** Opening Stored data block **

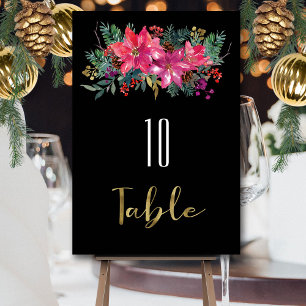 Tis The Season To Be Married Winter Christmas Pink Table Number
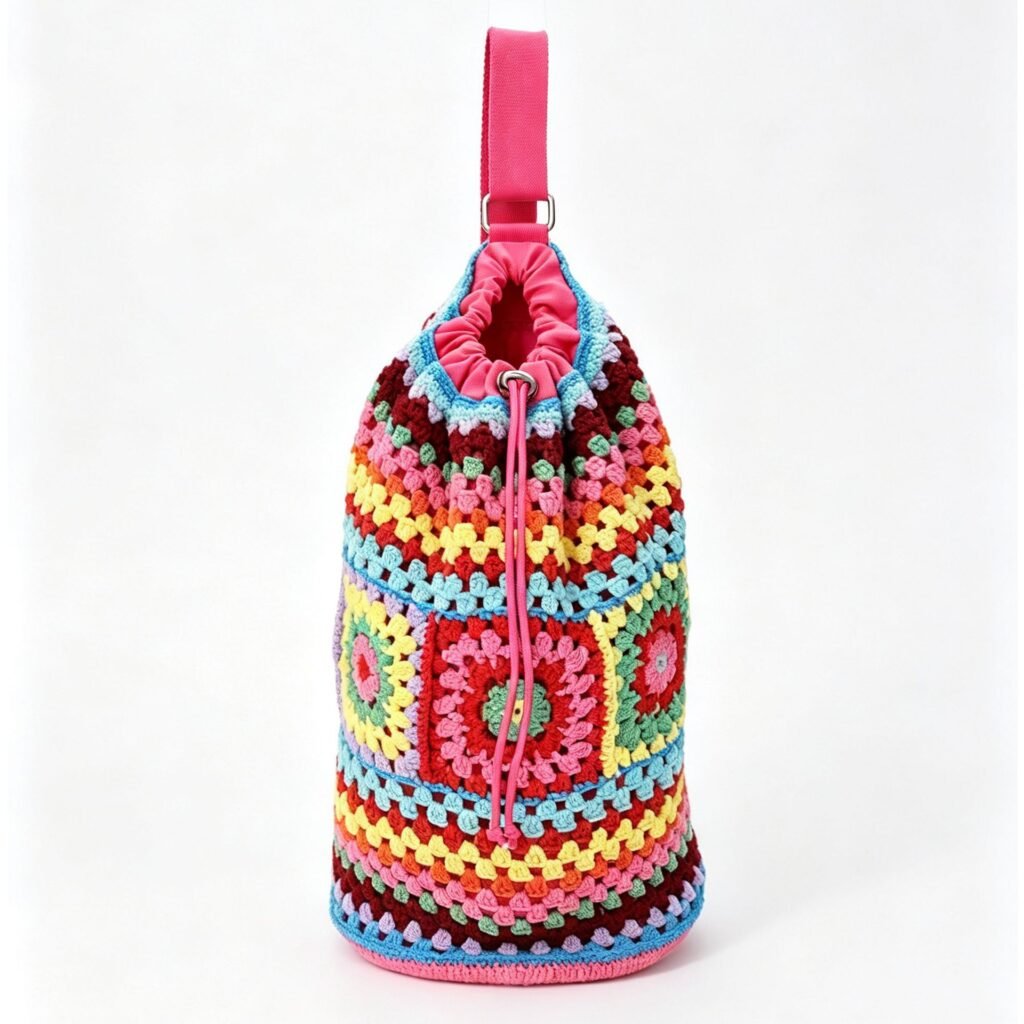 Rainbow Granny Square Hand Crochet Drawstring Bucket Crossbody Bag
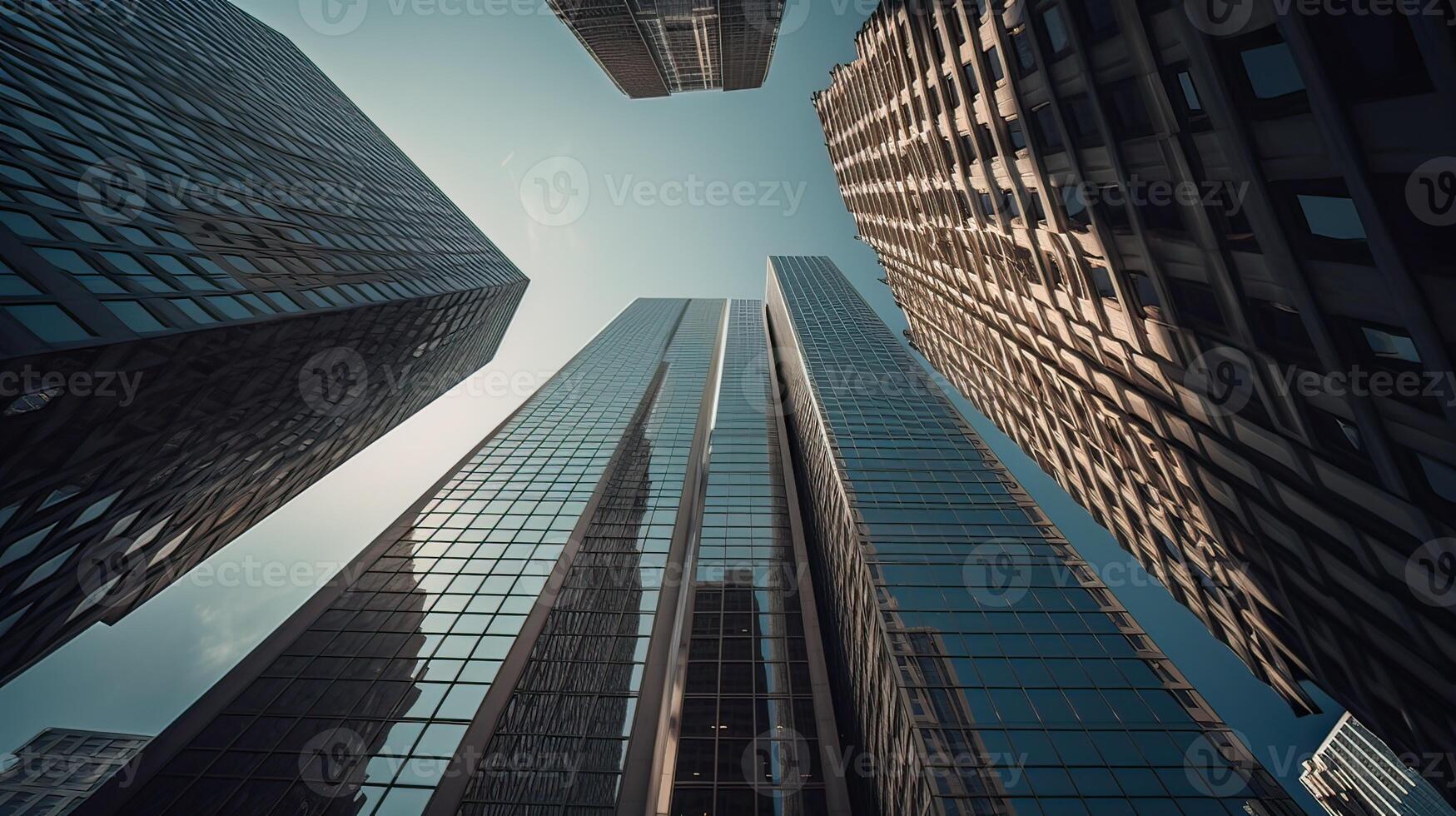 Bottom view of modern skyscrapers in business district. . photo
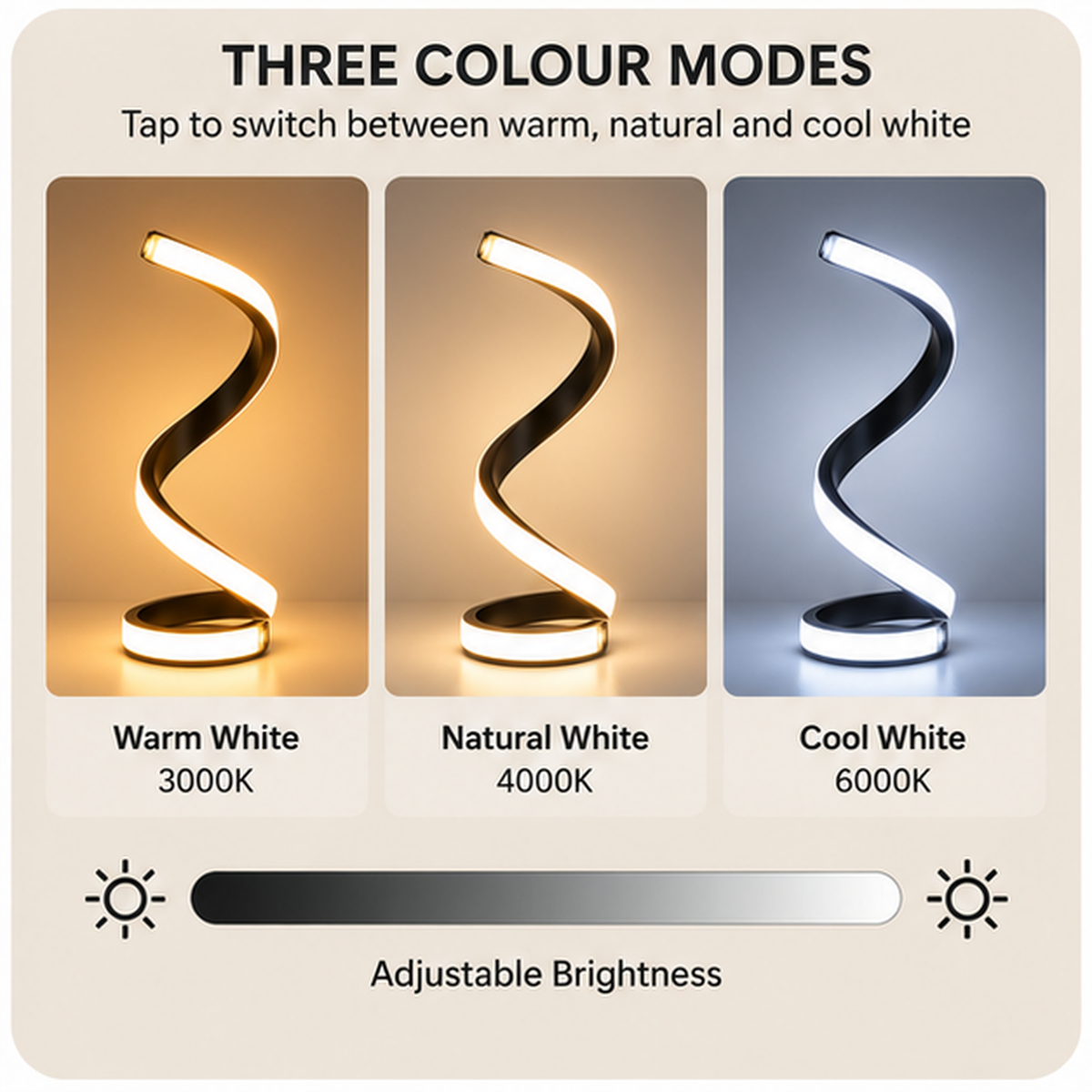 Lucello Spiral LED Table Lamp three colour modes and brightness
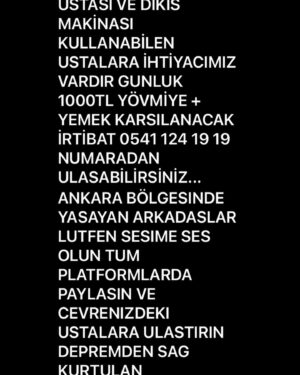 Şebnem Sönmez Instagram - Çadır üretimi için Ankara'da çalışan aranıyor❗️
İletişim: @mine.m.ozcan.surmeli
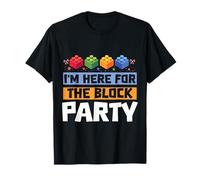 Sono Qui per Il Block Party Brick Builder Block Christmas Maglietta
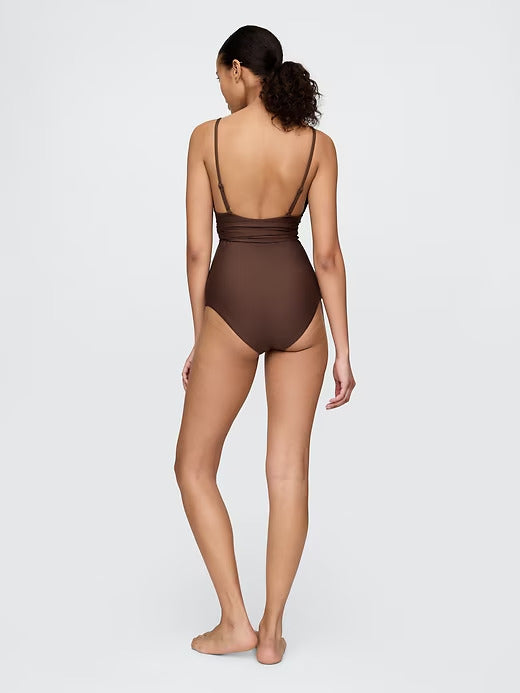 Gap Tie-Knot Cutout Wrap One-Piece Swimsuit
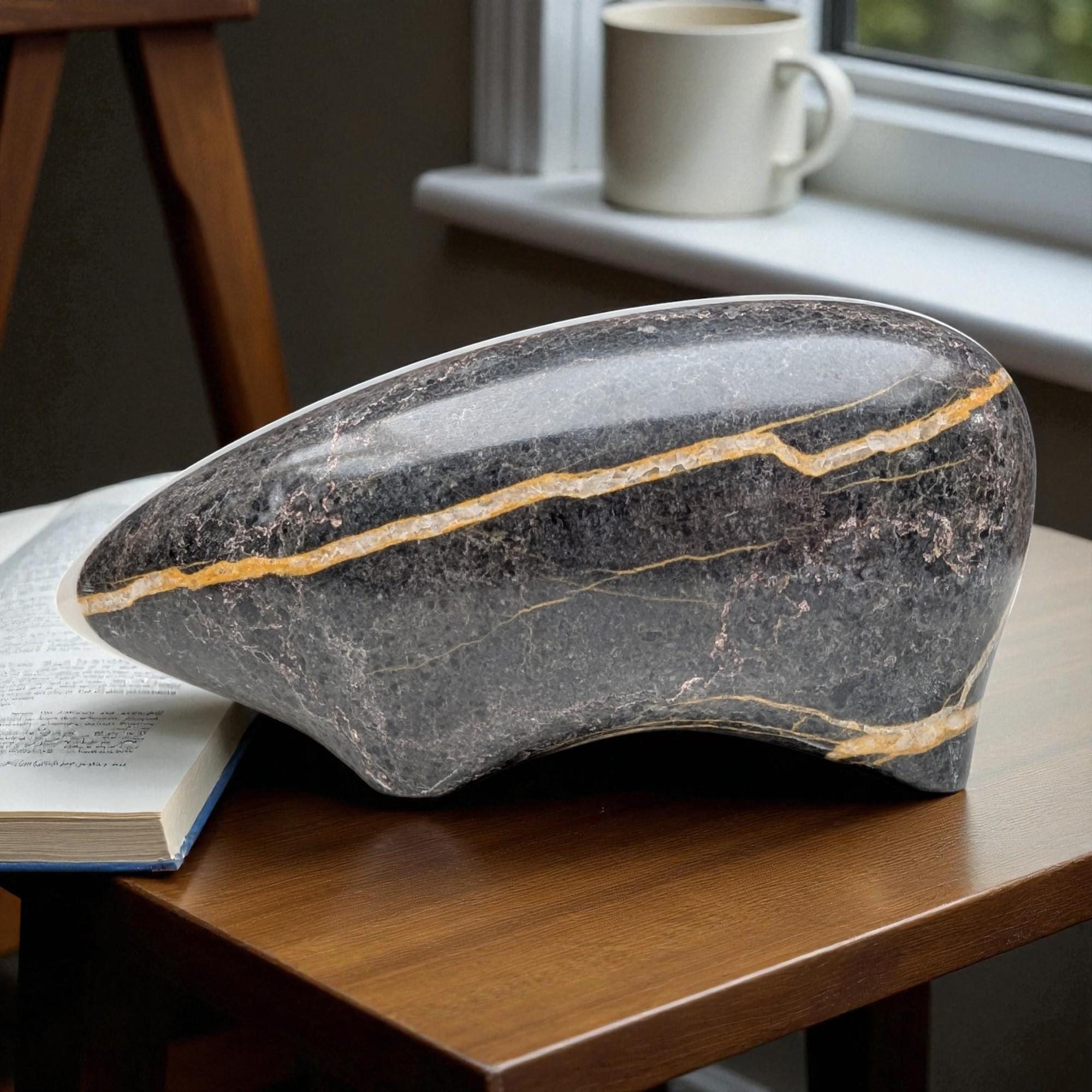 Decorative stone with gold inlay on a wooden surface next to an open book and a mug.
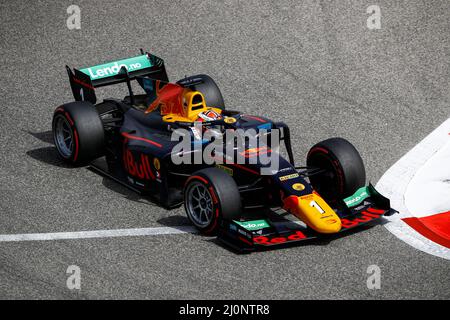 01 HINGER Dennis (NOR), Prema Racing, Dallara F2, action lors de la ronde 1st du Championnat de Formule 2 de la FIA 2022 du 18 au 20 mars 2022 sur le circuit international de Bahreïn, à Sakhir, Bahreïn - photo Xavi Bonilla / DPPI Banque D'Images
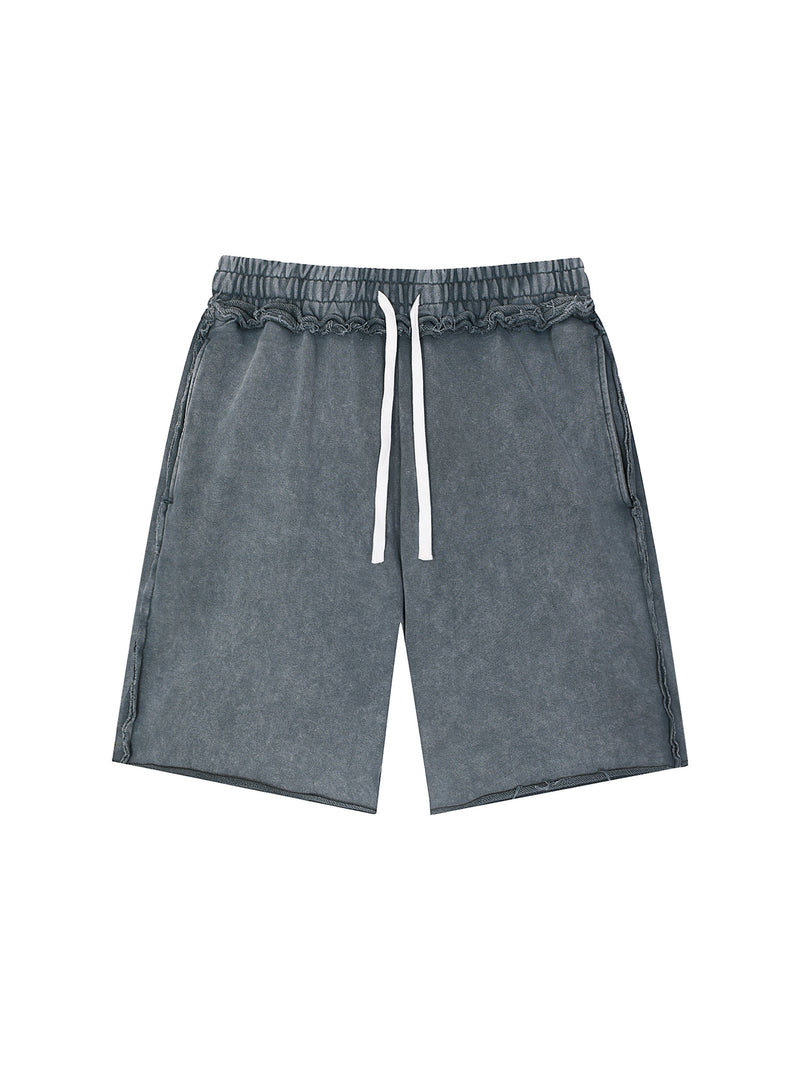 Unisex Mineral Wash Raw Edge Shorts – Oversized Premium Streetwear Shorts
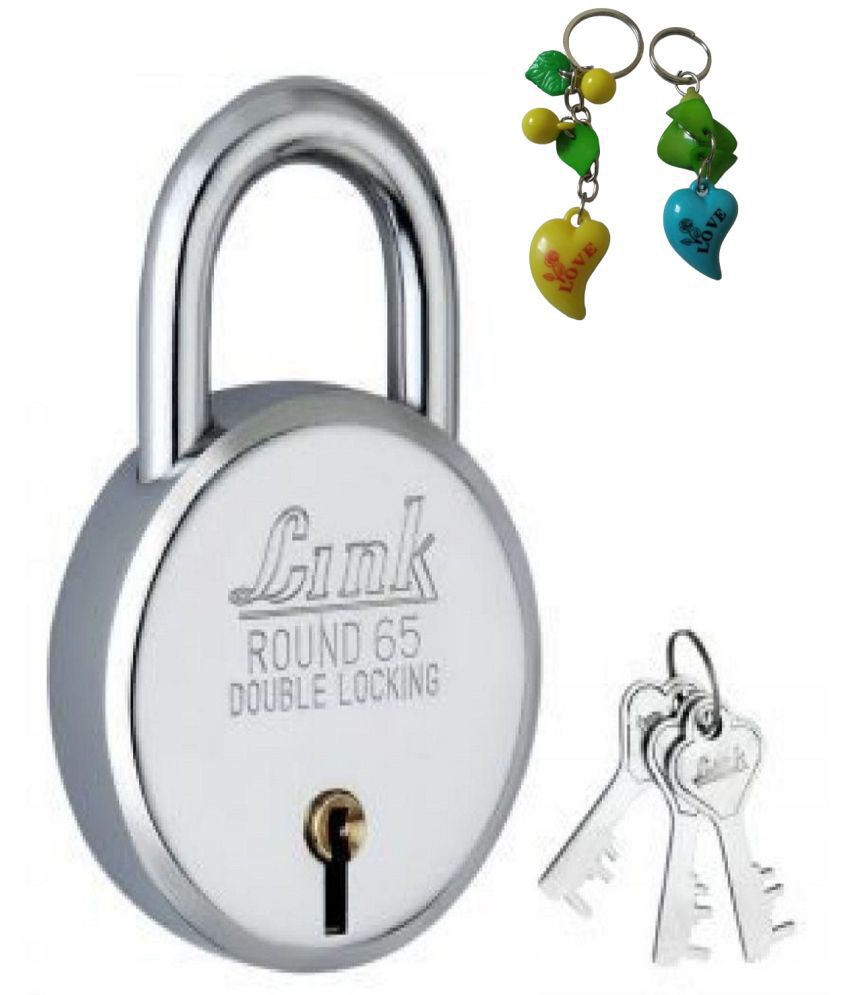     			Link Lock Steel Round 65mm Double Locking with 3 Keys, Keys are not Interchangeable Security Ensured Padlock with multi plastic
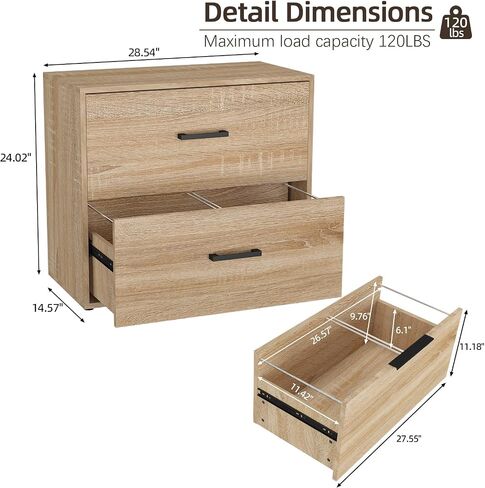 2 Drawer Lateral File Cabinet, Printer Stand Black Filing Cabinets for Home Office and School, Wood Rattan File Cabinet for Hanging Files/LetterSize, Black in Saudi Arabia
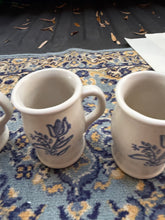 Load image into Gallery viewer, Set of 3 Vintage Stoneware Pottery Mugs – Handcrafted Blue Tulip Design, 4.5” Rustic Farmhouse Crock Cups, Country Kitchen Decor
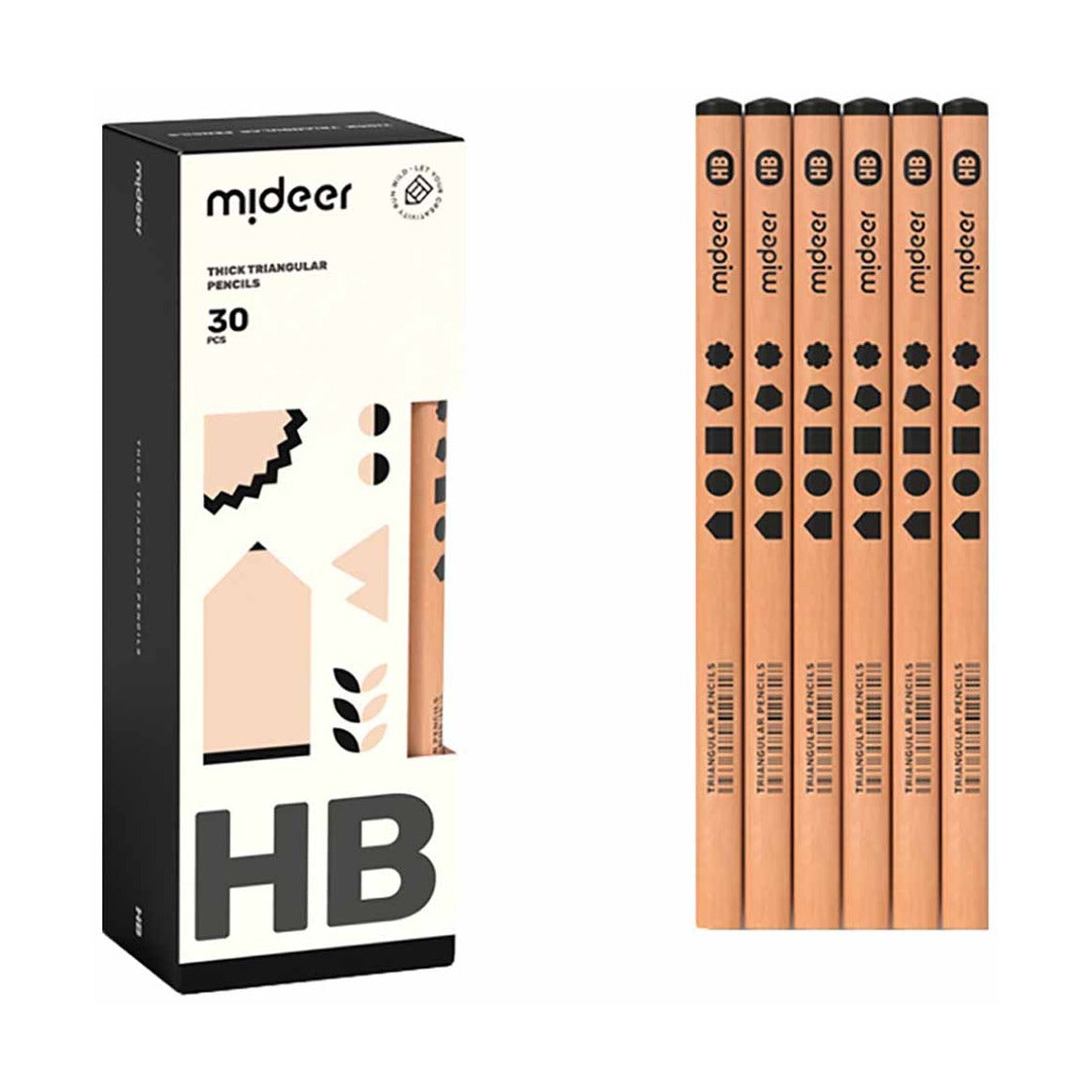 Mideer Thick Triangular Pencils HB 30 Pieces - Kids Writing Set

** Closing Stored data block **

▶ Work task
Print the records again exactly. Skip every picture.

▶ Answer space
 Tis The Season To Be Married Winter Christmas Pink Table Number
 Rainbow Granny Square Hand Crochet Drawstring Bucket Crossbody Bag
 Bottom view of modern skyscrapers in business district. . photo
 Lucello Spiral LED Table Lamp three colour modes and brightness
 Şebnem Sönmez Instagram - Çadır üretimi için Ankara'da çalışan aranıyor❗️
İletişim: @mine.m.ozcan.surmeli
 Sono Qui per Il Block Party Brick Builder Block Christmas Maglietta
 Gap Tie-Knot Cutout Wrap One-Piece Swimsuit
 Decorative stone with gold inlay on a wooden surface next to an open book and a mug.
 01 HINGER Dennis (NOR), Prema Racing, Dallara F2, action lors de la ronde 1st du Championnat de Formule 2 de la FIA 2022 du 18 au 20 mars 2022 sur le circuit international de Bahreïn, à Sakhir, Bahreïn - photo Xavi Bonilla / DPPI Banque D'Images
 Unisex Mineral Wash Raw Edge Shorts – Oversized Premium Streetwear Shorts
     			Link Lock Steel Round 65mm Double Locking with 3 Keys, Keys are not Interchangeable Security Ensured Padlock with multi plastic
 2 Drawer Lateral File Cabinet, Printer Stand Black Filing Cabinets for Home Office and School, Wood Rattan File Cabinet for Hanging Files/LetterSize, Black in Saudi Arabia
 Load image into Gallery viewer, Set of 3 Vintage Stoneware Pottery Mugs – Handcrafted Blue Tulip Design, 4.5” Rustic Farmhouse Crock Cups, Country Kitchen Decor
 Mideer Thick Triangular Pencils HB 30 Pieces - Kids Writing Set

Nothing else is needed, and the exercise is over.